# [Supplied records]
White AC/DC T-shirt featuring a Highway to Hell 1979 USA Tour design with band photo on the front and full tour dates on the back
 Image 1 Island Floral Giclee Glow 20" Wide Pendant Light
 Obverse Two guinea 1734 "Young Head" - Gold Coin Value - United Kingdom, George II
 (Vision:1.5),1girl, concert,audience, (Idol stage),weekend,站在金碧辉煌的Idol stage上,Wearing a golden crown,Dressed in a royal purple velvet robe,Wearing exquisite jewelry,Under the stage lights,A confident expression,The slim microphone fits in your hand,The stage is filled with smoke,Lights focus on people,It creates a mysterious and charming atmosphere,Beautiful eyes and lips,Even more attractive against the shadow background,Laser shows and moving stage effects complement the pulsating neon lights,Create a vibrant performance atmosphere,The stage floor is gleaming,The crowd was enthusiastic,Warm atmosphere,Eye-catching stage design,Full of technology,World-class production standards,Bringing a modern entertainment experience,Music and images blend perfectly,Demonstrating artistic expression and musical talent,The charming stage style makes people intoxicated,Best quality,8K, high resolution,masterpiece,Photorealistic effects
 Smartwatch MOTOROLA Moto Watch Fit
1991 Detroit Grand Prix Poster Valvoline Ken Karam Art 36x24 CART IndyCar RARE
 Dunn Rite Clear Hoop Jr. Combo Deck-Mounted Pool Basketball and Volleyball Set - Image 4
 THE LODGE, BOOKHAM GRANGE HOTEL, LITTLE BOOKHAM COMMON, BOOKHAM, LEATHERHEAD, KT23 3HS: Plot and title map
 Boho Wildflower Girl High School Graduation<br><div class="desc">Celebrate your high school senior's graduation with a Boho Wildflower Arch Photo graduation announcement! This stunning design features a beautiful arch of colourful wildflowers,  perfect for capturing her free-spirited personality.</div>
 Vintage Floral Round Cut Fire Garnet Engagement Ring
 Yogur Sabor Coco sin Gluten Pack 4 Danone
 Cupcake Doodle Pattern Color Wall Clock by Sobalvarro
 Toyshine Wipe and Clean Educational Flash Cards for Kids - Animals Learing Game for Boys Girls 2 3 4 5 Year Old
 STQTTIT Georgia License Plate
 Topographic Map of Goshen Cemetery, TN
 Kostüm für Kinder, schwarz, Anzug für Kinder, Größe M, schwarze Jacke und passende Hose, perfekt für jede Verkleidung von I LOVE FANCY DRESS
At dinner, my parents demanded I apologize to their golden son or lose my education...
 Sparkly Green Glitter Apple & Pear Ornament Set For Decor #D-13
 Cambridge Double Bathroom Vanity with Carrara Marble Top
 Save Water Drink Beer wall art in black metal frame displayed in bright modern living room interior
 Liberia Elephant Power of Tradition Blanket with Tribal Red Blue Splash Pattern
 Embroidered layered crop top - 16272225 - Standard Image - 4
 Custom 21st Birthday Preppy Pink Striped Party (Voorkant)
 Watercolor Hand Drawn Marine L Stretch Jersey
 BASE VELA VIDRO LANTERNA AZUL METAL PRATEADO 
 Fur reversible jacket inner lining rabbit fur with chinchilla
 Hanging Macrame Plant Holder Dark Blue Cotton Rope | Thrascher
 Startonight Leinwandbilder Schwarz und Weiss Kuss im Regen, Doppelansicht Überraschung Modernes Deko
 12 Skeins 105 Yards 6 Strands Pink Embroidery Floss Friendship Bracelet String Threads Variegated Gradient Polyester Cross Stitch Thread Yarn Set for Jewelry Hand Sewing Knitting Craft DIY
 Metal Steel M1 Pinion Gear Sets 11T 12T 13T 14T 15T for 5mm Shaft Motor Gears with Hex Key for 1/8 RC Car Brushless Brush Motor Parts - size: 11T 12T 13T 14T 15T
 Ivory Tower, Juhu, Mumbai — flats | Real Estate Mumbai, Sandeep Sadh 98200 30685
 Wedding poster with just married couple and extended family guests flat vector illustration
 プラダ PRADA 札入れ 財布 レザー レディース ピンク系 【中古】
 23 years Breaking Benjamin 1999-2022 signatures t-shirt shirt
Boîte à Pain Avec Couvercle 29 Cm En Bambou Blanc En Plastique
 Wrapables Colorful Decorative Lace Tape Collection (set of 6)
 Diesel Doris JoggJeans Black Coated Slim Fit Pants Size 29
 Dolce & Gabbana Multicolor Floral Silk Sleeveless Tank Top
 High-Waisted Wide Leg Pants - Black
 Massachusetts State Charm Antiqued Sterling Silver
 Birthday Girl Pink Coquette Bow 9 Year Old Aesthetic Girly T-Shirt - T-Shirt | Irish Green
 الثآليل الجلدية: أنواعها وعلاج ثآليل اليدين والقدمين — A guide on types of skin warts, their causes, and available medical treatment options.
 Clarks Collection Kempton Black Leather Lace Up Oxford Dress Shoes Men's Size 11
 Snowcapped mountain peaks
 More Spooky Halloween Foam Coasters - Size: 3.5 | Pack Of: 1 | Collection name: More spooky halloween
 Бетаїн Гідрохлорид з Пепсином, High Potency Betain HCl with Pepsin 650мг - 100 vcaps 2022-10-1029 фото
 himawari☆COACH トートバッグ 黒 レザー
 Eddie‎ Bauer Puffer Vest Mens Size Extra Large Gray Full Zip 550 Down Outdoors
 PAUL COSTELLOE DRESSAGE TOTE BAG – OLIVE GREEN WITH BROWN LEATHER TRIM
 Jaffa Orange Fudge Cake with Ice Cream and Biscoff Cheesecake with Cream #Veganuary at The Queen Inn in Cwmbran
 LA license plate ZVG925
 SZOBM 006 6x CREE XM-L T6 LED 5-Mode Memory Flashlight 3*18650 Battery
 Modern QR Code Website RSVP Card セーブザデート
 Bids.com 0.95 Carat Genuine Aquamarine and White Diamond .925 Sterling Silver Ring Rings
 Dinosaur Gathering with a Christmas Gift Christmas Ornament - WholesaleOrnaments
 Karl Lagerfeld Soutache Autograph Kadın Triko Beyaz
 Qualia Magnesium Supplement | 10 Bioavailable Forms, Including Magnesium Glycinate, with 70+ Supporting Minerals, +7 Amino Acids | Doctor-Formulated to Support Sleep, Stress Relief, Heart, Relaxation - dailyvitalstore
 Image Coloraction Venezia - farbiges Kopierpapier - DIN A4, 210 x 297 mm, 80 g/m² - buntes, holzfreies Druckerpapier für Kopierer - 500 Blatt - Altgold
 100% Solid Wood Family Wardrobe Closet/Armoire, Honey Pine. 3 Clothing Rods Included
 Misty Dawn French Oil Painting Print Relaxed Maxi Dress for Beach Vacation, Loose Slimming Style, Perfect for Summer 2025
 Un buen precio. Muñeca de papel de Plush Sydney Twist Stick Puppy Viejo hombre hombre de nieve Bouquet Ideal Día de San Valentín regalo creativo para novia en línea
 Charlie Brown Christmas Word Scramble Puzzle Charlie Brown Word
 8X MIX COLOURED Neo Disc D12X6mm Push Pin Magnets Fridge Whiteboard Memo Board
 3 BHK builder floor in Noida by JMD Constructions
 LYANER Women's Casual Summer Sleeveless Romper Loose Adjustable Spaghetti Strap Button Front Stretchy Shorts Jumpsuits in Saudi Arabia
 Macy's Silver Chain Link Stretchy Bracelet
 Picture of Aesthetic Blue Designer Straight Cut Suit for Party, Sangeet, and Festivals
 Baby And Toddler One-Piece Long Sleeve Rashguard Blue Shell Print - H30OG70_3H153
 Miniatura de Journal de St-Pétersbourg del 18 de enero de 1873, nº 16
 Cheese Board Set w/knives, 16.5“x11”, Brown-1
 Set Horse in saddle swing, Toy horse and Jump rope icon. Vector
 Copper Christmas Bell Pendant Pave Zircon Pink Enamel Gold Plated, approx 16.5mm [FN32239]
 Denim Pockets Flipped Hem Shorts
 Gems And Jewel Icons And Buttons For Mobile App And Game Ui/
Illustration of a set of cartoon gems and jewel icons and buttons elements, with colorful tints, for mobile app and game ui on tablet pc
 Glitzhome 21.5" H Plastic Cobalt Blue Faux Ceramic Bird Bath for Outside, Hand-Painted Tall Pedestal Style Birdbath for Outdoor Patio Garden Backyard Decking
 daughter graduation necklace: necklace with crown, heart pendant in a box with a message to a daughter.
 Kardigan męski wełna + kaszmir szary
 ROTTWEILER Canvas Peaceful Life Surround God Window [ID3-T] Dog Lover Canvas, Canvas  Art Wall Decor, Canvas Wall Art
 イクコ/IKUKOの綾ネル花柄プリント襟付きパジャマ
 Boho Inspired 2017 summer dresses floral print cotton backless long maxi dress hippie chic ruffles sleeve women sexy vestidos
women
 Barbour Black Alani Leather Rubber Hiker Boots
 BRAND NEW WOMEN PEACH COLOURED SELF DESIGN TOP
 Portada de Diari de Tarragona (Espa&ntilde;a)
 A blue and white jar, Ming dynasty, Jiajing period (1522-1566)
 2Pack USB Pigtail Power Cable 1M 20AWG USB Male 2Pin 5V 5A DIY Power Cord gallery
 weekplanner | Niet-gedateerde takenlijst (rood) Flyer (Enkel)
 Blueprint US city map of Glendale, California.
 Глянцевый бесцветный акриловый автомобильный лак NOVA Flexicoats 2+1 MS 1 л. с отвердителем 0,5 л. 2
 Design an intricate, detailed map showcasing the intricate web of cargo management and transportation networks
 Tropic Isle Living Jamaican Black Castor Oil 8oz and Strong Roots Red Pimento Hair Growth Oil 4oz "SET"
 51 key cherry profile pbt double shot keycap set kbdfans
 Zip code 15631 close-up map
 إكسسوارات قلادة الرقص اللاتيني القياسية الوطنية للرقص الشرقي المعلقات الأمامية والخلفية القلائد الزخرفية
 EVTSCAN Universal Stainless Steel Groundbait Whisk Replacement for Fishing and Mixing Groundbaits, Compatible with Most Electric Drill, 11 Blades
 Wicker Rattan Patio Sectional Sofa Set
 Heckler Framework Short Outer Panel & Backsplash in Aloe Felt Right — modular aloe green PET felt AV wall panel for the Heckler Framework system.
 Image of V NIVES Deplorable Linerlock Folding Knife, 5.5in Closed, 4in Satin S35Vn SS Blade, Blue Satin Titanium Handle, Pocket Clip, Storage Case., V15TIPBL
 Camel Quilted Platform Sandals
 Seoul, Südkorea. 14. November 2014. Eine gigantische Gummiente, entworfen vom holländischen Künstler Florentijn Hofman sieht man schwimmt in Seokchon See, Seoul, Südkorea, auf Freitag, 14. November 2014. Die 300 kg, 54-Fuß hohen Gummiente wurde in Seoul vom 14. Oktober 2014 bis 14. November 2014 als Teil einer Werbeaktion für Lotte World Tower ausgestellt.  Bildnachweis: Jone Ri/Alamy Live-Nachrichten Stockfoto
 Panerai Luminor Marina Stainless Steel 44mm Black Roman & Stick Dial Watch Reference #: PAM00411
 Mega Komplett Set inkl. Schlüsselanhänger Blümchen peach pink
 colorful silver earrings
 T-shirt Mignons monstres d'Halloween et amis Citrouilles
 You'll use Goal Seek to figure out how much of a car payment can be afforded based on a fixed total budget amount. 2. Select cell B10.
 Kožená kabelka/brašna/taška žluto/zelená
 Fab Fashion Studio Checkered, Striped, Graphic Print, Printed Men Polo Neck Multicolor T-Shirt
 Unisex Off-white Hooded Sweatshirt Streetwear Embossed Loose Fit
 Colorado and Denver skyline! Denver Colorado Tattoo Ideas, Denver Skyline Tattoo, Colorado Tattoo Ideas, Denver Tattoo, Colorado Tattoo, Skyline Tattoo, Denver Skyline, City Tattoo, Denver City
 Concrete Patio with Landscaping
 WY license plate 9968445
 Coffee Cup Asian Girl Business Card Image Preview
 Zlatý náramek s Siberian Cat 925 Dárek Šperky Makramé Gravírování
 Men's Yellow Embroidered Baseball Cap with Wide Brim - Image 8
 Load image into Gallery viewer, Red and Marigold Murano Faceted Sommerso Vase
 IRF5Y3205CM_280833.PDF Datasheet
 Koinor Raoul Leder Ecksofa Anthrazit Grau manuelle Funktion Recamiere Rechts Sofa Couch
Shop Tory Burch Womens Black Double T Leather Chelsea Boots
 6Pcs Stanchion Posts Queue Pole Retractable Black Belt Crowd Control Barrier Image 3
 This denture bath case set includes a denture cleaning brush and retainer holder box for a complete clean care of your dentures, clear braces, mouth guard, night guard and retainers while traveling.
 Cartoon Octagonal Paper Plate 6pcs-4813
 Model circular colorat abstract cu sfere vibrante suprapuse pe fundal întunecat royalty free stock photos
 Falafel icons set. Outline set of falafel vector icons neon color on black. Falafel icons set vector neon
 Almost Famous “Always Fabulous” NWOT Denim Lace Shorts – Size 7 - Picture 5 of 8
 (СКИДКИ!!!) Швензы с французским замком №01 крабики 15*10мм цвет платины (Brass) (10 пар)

# [Assignment]
All lines above containing the string "Bracelet" are to be collected.

# [Reply]
 12 Skeins 105 Yards 6 Strands Pink Embroidery Floss Friendship Bracelet String Threads Variegated Gradient Polyester Cross Stitch Thread Yarn Set for Jewelry Hand Sewing Knitting Craft DIY
 Macy's Silver Chain Link Stretchy Bracelet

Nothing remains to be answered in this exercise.